Son petit manège dure 8 ans, jusqu'au décès de sa très impopulaire favorite, qui meure sans jamais avoir été reine...

— Et ce sein dans l'histoire ?

Eh bien, si Juliette pince ainsi le téton de sa sœur, ce n'est pas que par jeux érotiques, c'est aussi pour signifier sa grossesse et l'arrivée de l'héritier du roi. Mais si ! Regardez dans le fond du tableau, on confectionne déjà les langes.

Pendant ce temps-là, Gabrielle, elle, tend l'alliance qu'elle espère bien passer au doigt d'Henri :

L'enjeu est on ne peut plus sexuel, comme nous le rappellent les formes explicites créées par les doigts des jeunes femmes et surtout par la présence d'un tableau dans le fond qui montre un sexe dissimulé par un linge rouge :

Mais ce qui choque, c'est que ces dames font tout ça en regardant le spectateur dans les yeux, un truc inventé par le Titien et qui n'aura de cesse d'être récupéré par les artistes, surtout lorsque leurs œuvres cachent des messages érotiques.

Le sein de Marianne

Donc quoi ? Même dans l'histoire des arts, le sein féminin, c'est forcément un objet sexuel ? Que nenni nous répond monsieur Delacroix en faisant d'un sein un acte politique, voire polémique.

Mais avant de nous attarder sur ce sein qui fait tant polémique, attardons-nous un petit peu sur ce célébrissime tableau.

On y voit une femme, par delà une barricade, brandissant tout ce que la république a aujourd'hui de symbole : bonnet phrygien porté originellement par les esclaves affranchis, drapeau tricolore révolutionnaire aujourd'hui devenu drapeau français, et puis surtout, elle, Marianne.
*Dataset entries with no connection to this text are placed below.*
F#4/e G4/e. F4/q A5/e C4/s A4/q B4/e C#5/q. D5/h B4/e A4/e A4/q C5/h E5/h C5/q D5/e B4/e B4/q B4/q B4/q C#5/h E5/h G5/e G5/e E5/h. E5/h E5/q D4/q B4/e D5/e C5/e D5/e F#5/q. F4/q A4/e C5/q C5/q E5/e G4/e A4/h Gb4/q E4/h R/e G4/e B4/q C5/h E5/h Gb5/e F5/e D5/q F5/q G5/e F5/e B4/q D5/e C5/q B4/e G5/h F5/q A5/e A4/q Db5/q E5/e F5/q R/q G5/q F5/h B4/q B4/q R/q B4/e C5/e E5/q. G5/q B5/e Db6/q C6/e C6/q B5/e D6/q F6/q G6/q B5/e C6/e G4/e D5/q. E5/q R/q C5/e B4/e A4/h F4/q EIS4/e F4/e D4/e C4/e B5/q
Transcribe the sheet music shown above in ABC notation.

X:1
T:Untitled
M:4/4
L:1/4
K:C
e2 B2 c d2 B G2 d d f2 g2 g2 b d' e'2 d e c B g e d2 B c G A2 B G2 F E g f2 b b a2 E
Autour d'elle se trouvent 3 personnages qui représentent les 3 classes sociales, qui s'unissent pour renverser la monarchie : l'ouvrier (tout à gauche), le bourgeois (à gauche de Marianne) et l'étudiant (juste à droite de Marianne).
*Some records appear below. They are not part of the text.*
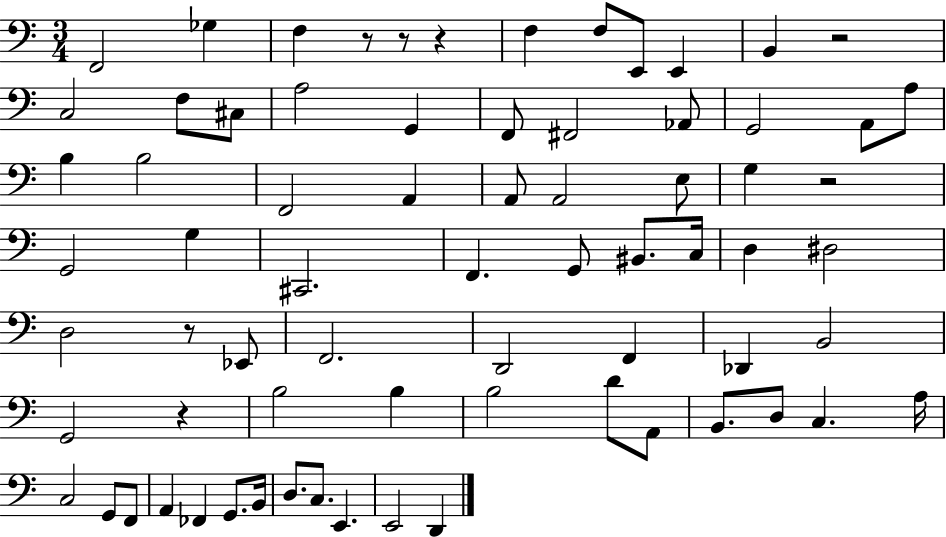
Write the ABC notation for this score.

X:1
T:Untitled
M:3/4
L:1/4
K:C
F,,2 _G, F, z/2 z/2 z F, F,/2 E,,/2 E,, B,, z2 C,2 F,/2 ^C,/2 A,2 G,, F,,/2 ^F,,2 _A,,/2 G,,2 A,,/2 A,/2 B, B,2 F,,2 A,, A,,/2 A,,2 E,/2 G, z2 G,,2 G, ^C,,2 F,, G,,/2 ^B,,/2 C,/4 D, ^D,2 D,2 z/2 _E,,/2 F,,2 D,,2 F,, _D,, B,,2 G,,2 z B,2 B, B,2 D/2 A,,/2 B,,/2 D,/2 C, A,/4 C,2 G,,/2 F,,/2 A,, _F,, G,,/2 B,,/4 D,/2 C,/2 E,, E,,2 D,,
Revenons-en à notre sein. Marianne, ce n'est pas une virgo lactens. Penser qu'elle a le sein exposé parce que c'est une mère nourrissant la France, c'est un contre-sens... Ne pensez pas non plus qu'elle est un symbole de la libération de la femme. A l'époque de Delacroix, le concept n'existait même pas.
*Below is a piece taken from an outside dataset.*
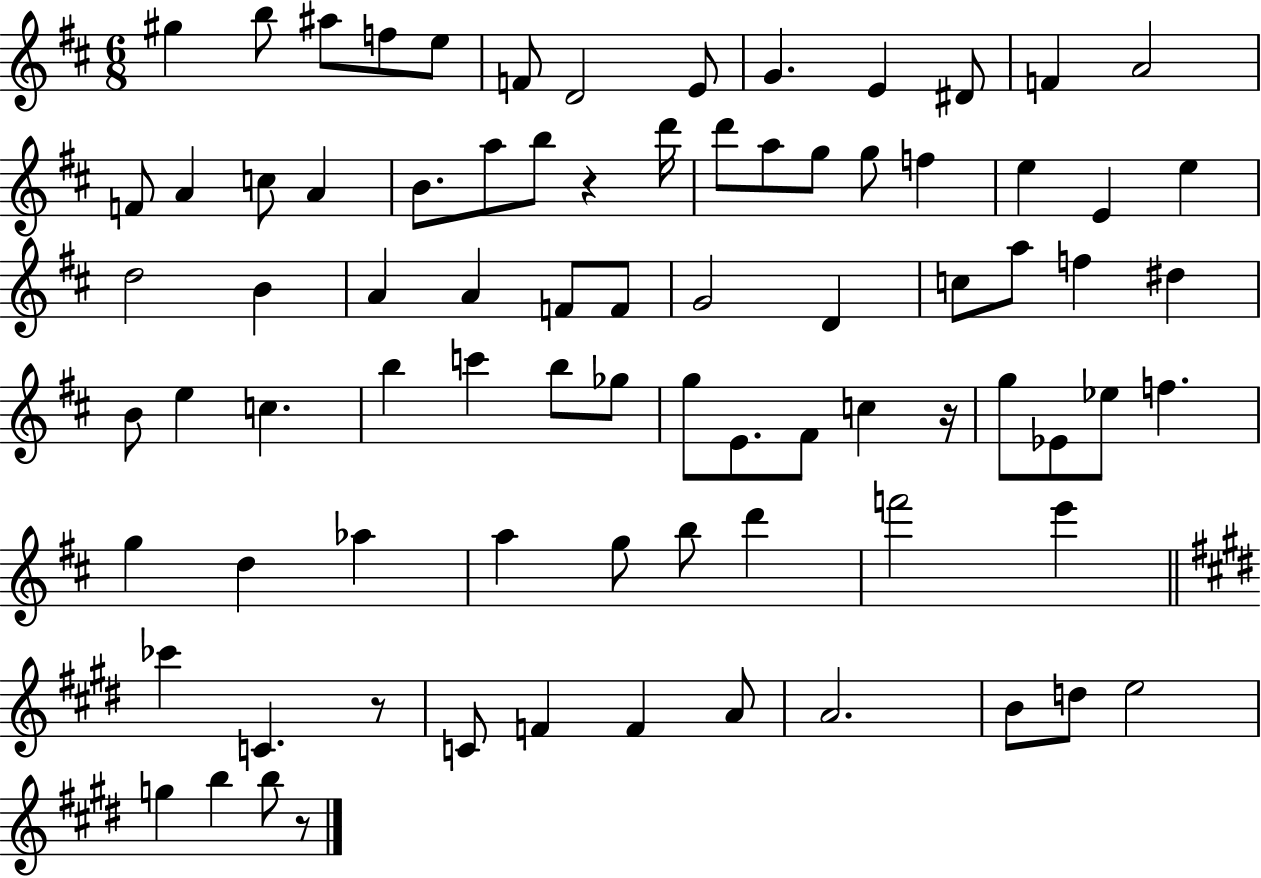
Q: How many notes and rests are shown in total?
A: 82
Si Marianne a le sein nu, c'est parce que, dès sa création, elle est inspirée par des modèles antiques qui ont souvent le buste dénudé (image-ci dessous). De plus, Marianne est une figure guerrière. Or, lorsqu'elles sont guerrières, les femmes sont souvent représentées topless pour montrer qu'aucun vêtement ne les entrave dans leur mouvement.

Malgré la référence antique, sachez que La liberté guidant le peuple a fait scandale en son temps, et pas seulement à cause de ce téton fièrement exposé.

Le teint hâlé de Marianne qui ferait d'elle une femme du peuple ainsi que ses poils visibles sous l'aisselle choquèrent grandement à l'époque. Je ne sais pas ce qui est le plus triste dans le fond : que la pilosité des femmes ait déjà posé problème au 19e siècle ou que les mentalités aient si peu évolué depuis ?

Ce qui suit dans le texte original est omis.